• WHAT YOU ARE ASKED TO DO:
The records below are to be transcribed exactly from their first line to the line that has "Titans of the", inclusive, with every picture omitted.

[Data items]

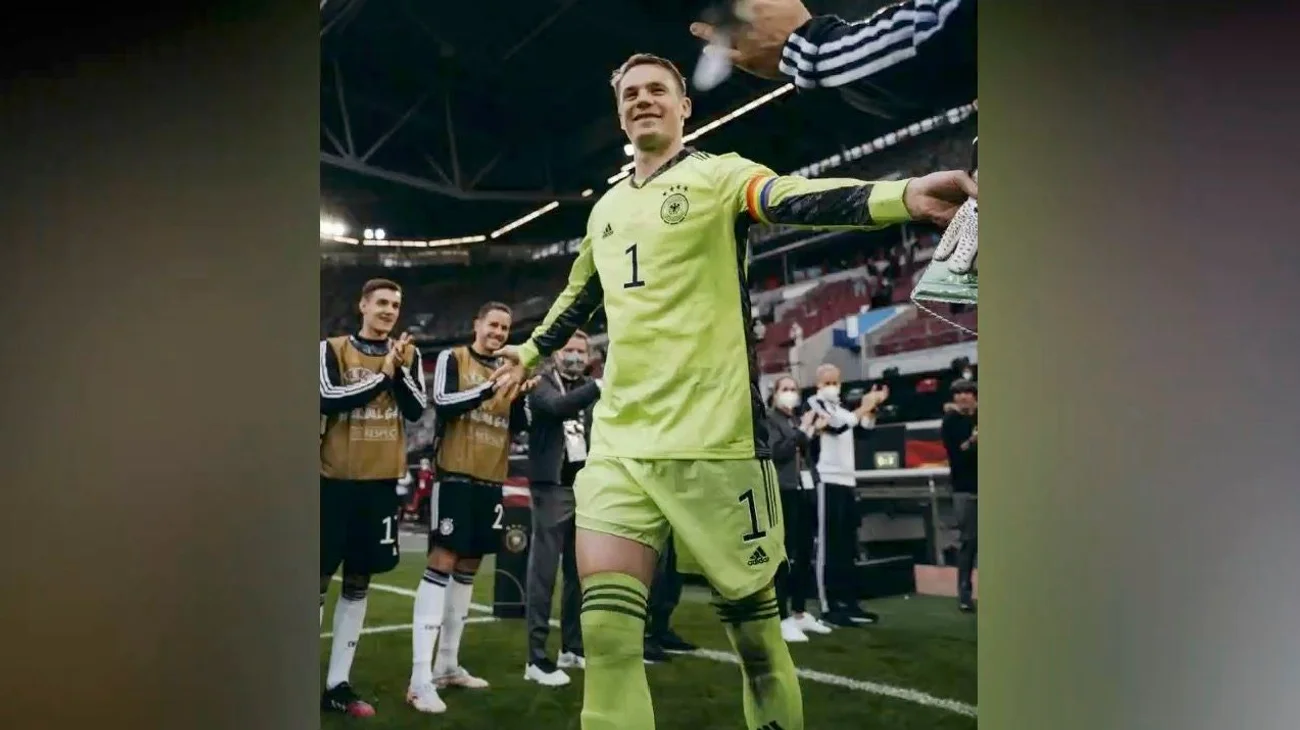 Anuncia Manuel Neuer su retiro de la selección de Alemania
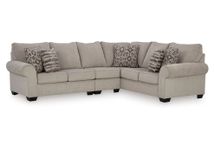 Picture of Claireah 3pc Sectional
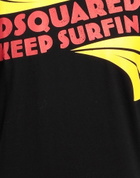 Dsquared2 Mens T-shirt in Black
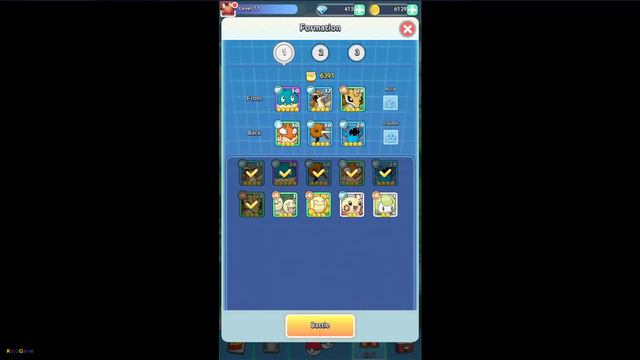 Pal Park : Evolution Gameplay - Android - Part2 смотреть онлайн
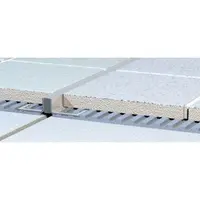 Lišta dilatačné Havos, nerez, dĺžka 250 cm, výška hrany 10 mm, NRZDL1084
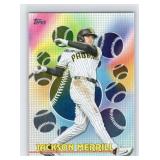 Titans of the Game Jackson Merrill #TOG-37 2026 To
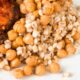 L'orzotto con ceci, porro e datterino giallo di Marco Bianchi
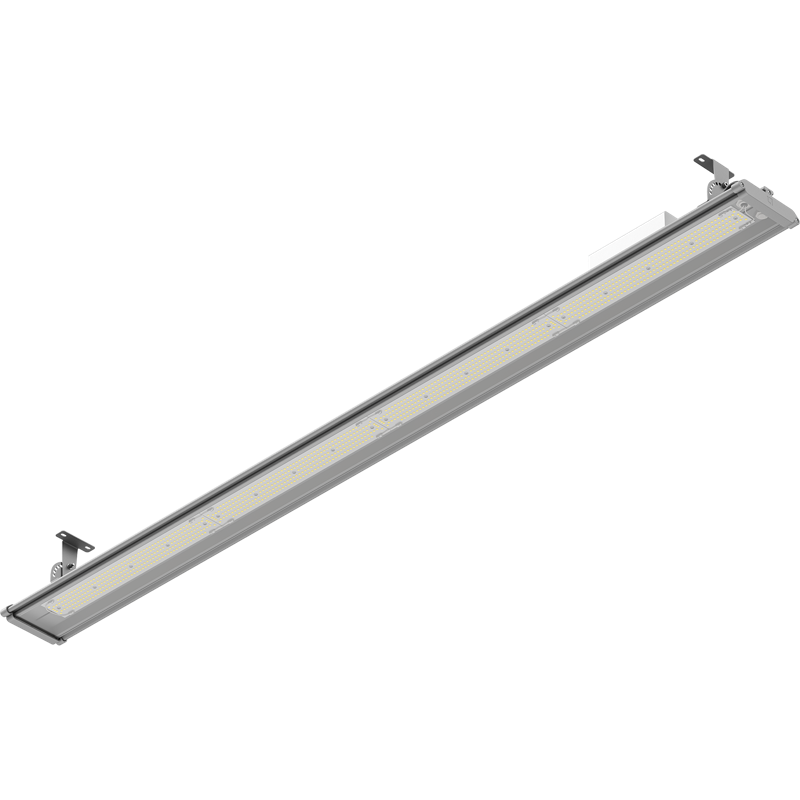 Светильник светодиодный FACTORY G2 (1700) 200W D120 850 GY СТ 1508000120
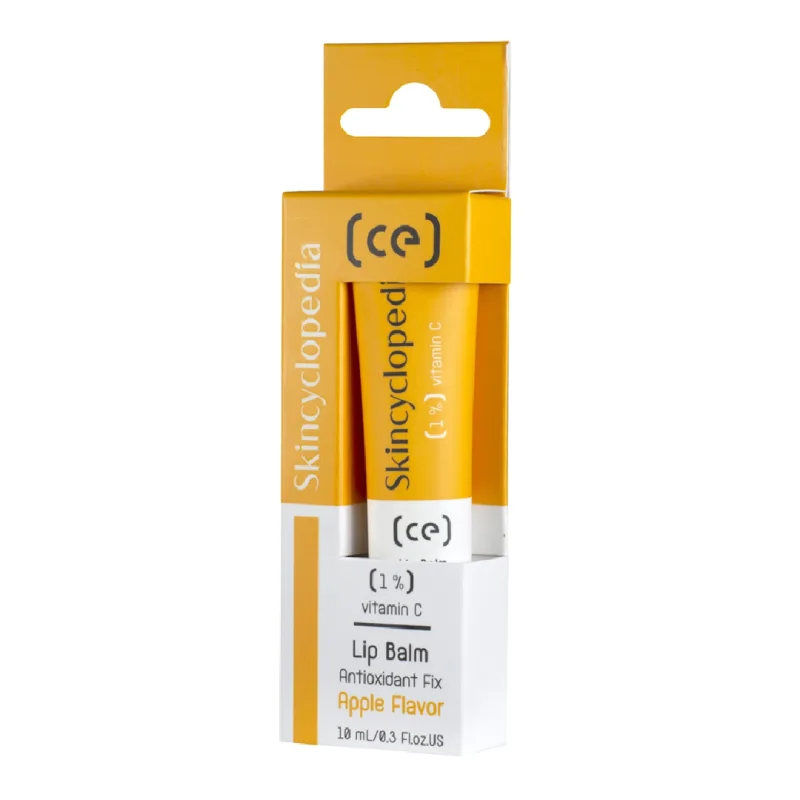 Balsam de buze Vitamina C 1%, 10 ml, Skincyclopedia — preț și oferte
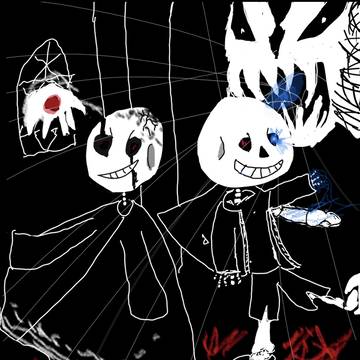 サンズとガスター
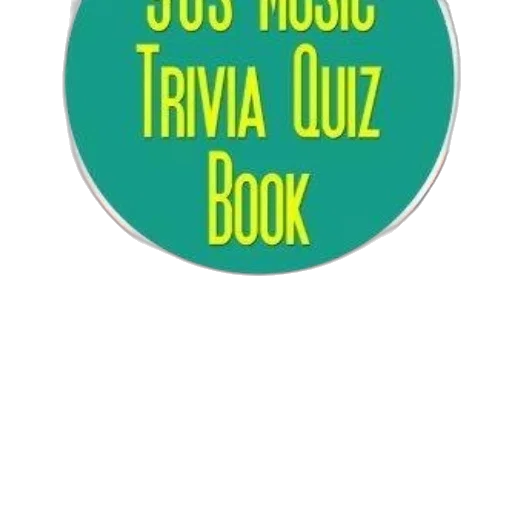 music, trivia, quiz, book, cover, featuring, colorful, design transparent PNG cut-out
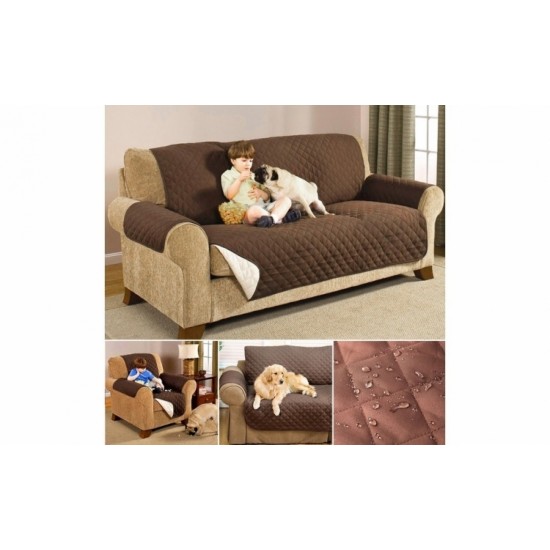 Husa de protectie pentru canapea 3 locuri Husa de protectie pentru canapea 3 locuri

• SOLUTION FOR THIS EXERCISE:
 Anuncia Manuel Neuer su retiro de la selección de Alemania
 Picture of Claireah 3pc Sectional
 Dsquared2 Mens T-shirt in Black
 Pal Park : Evolution Gameplay - Android - Part2 смотреть онлайн
 Lišta dilatačné Havos, nerez, dĺžka 250 cm, výška hrany 10 mm, NRZDL1084
 Titans of the Game Jackson Merrill #TOG-37 2026 To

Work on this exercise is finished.